• [SOURCE DATA]
:::

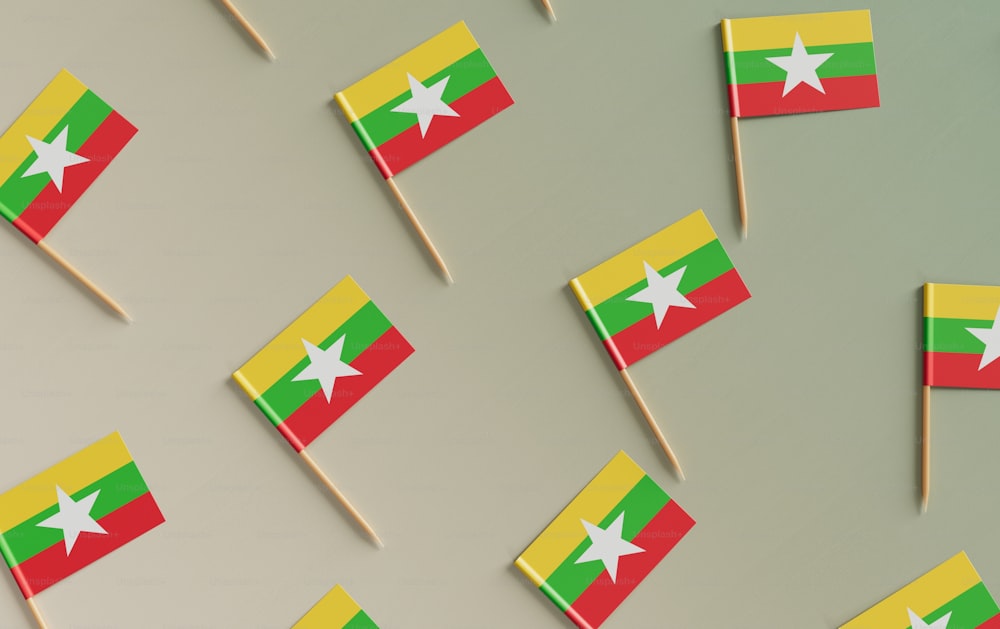 a group of small flags sitting on top of a table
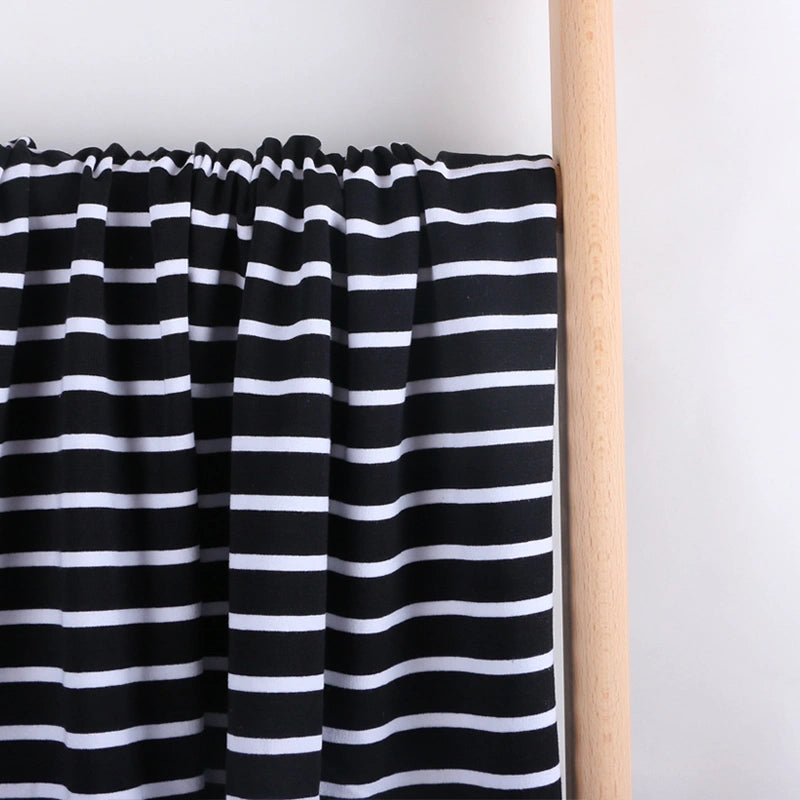 Longan Craft’s Colorful Striped Stretch French Terry Fabric by the yard is draped over a light wooden rod, showing its knit cotton-blend material and bold horizontal stripes against a plain white background—ideal for sweatshirts.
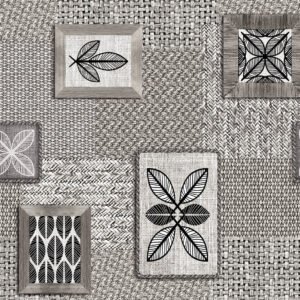 Modern wipe clean tablecloth with a woven pattern and black botanical motifs on a textured grey background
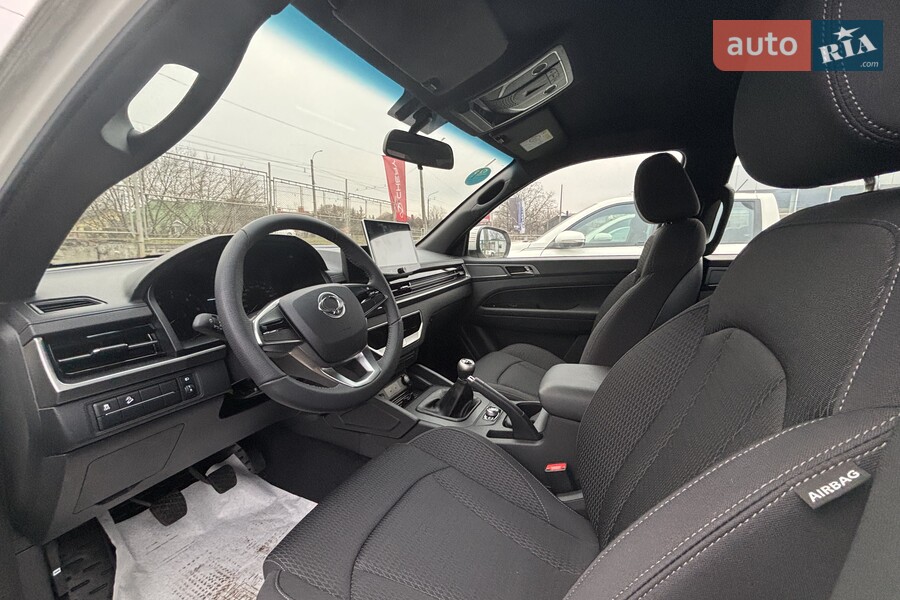 KG Mobility Grand Musso - фото 10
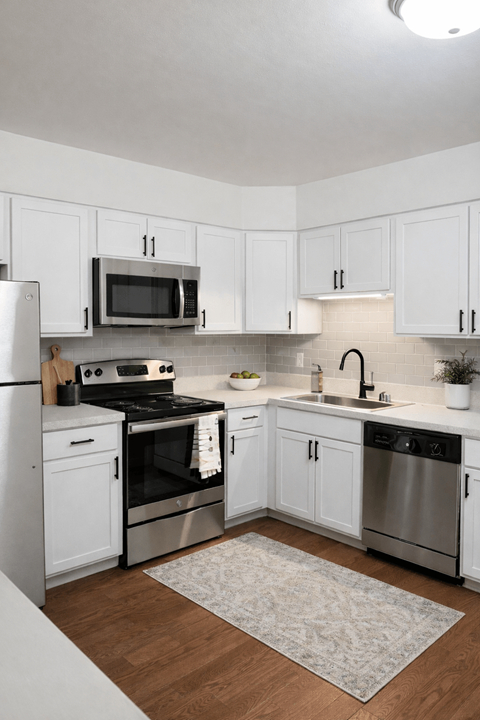 A kitchen with white cabinets and stainless steel appliances.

:::

• [ACTIVITY]
Please copy, exactly as written, the lines from the one that contains "KG Mobility Grand Musso - фото 10" through the end of the records, both ends included. Do not include the pictures.

• [SOLUTION TO THIS EXERCISE]
 KG Mobility Grand Musso - фото 10
 A kitchen with white cabinets and stainless steel appliances.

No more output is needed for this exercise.